2046-bit moduli should be secure, right? No, not at all. First of all, it helps if they're prime (or at least if you don't know their prime factorization, but for public DH or DSA parameters, you would like to know this sort of thing about them). This number $p$ is not prime; rather, it is the product of the first 232 prime numbers except 2. So, given fixed $h$, to solve $$g^x \equiv h \pmod p$$ for $x$, it suffices to compute the discrete logs $x_3$, $x_5$, $x_7$, etc., satisfying

\begin{align*} g^{x_3} &\equiv h \pmod 3, \\ g^{x_5} &\equiv h \pmod 5, \\ &\vdots \end{align*}

independently, and then assemble them into a solution for $x$ with the Chinese remainder theorem:

\begin{align*} x &\equiv x_3 \pmod{\phi(3)}, \\ x &\equiv x_5 \pmod{\phi(5)}, \\ &\vdots \end{align*}

where $\phi(3) = 3 - 1$, $\phi(5) = 5 - 1$, etc., since they're all prime.

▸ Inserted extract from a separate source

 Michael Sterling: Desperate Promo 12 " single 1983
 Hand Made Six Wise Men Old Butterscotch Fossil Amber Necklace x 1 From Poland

This algorithm is so cheap that you could do it with pen and paper using schoolbook long division and schoolbook multiplication in a few hours. But the easiness of this algorithm means nothing about how easy or hard it is to compute discrete logs in $(\mathbb Z/q\mathbb Z)^\times$ where $q$ is the RFC 3526 Group #14 modulus

0xffffffffffffffffc90fdaa22168c234c4c6628b80dc1cd129024e088a67cc74020bbea63b139b22514a08798e3404ddef9519b3cd3a431b302b0a6df25f14374fe1356d6d51c245e485b576625e7ec6f44c42e9a637ed6b0bff5cb6f406b7edee386bfb5a899fa5ae9f24117c4b1fe649286651ece45b3dc2007cb8a163bf0598da48361c55d39a69163fa8fd24cf5f83655d23dca3ad961c62f356208552bb9ed529077096966d670c354e4abc9804f1746c08ca18217c32905e462e36ce3be39e772c180e86039b2783a2ec07a28fb5c55df06f4c52c9de2bcbf6955817183995497cea956ae515d2261898fa051015728e5a8aacaa68ffffffffffffffff.

The same algorithm using the Chinese remainder theorem doesn't work because $q$ is prime, so you can't solve the problem independently modulo all its factors and then recombine the results into a solution.

The choice of field, curve shape, curve parameters, etc., has the same kind of impact on the ease or difficulty of computing elliptic-curve discrete logs as the choice of modulus has on the ease or difficulty of computing modular multiplication discrete logs.